# DATASET
....................

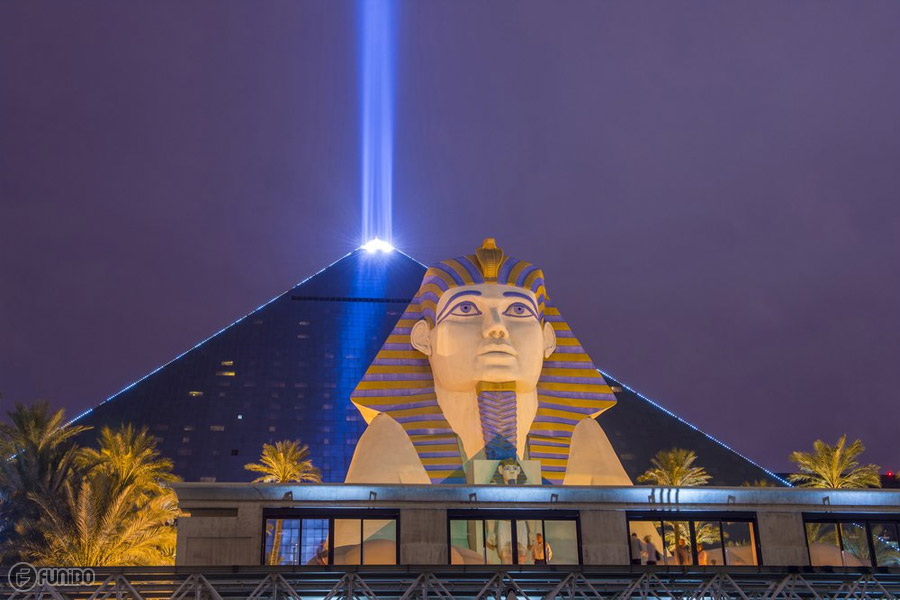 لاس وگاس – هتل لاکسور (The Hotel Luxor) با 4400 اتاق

....................

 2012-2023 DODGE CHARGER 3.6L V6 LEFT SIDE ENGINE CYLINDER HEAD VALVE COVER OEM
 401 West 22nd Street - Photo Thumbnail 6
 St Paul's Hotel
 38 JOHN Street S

....................

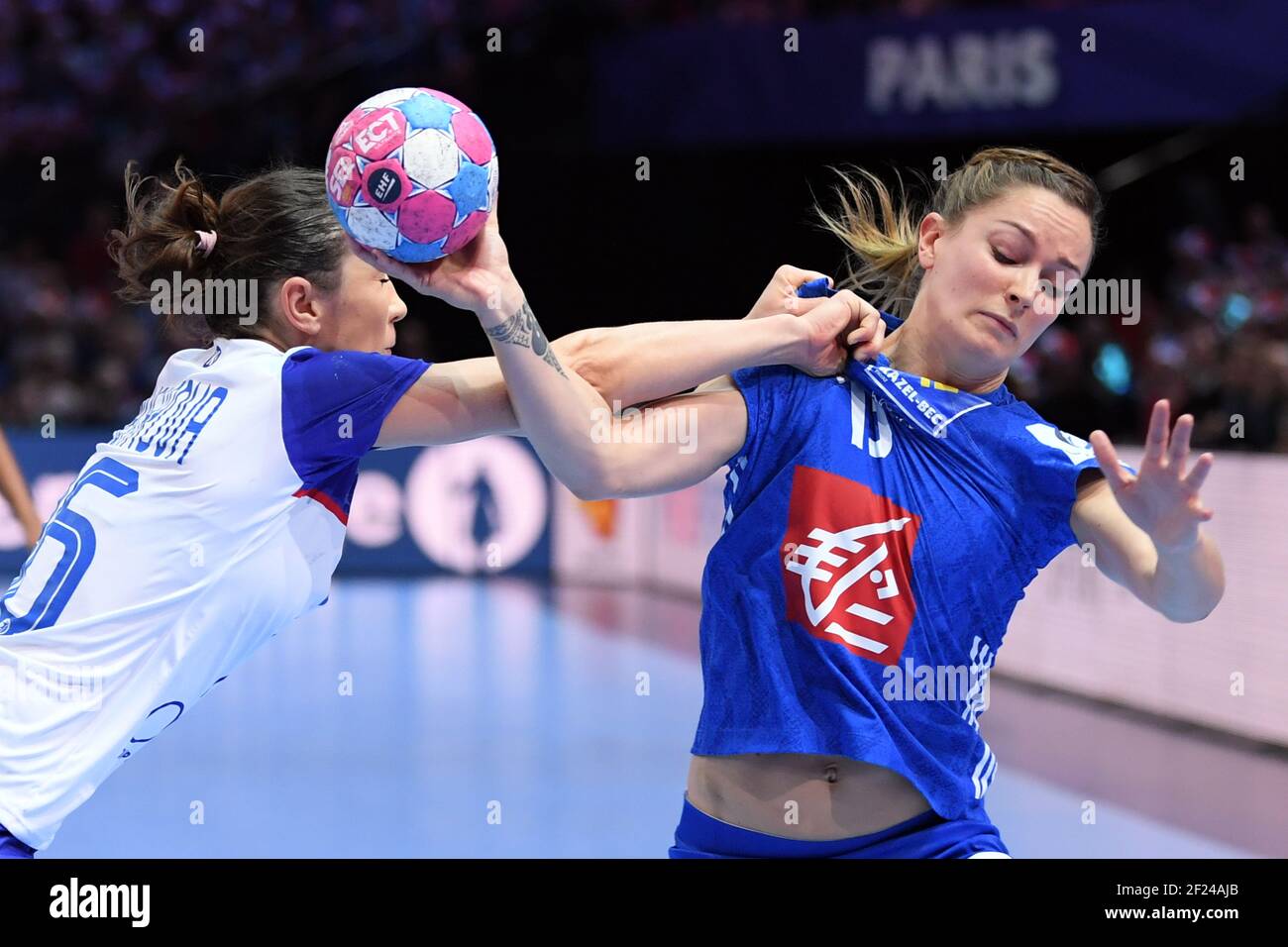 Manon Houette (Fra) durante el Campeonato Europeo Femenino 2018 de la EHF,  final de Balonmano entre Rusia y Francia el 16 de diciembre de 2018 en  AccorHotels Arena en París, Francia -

....................

# WHAT IS EXPECTED
Read through the entries, then copy every line where the string "Street" is found.

# ANSWER AREA
 401 West 22nd Street - Photo Thumbnail 6
 38 JOHN Street S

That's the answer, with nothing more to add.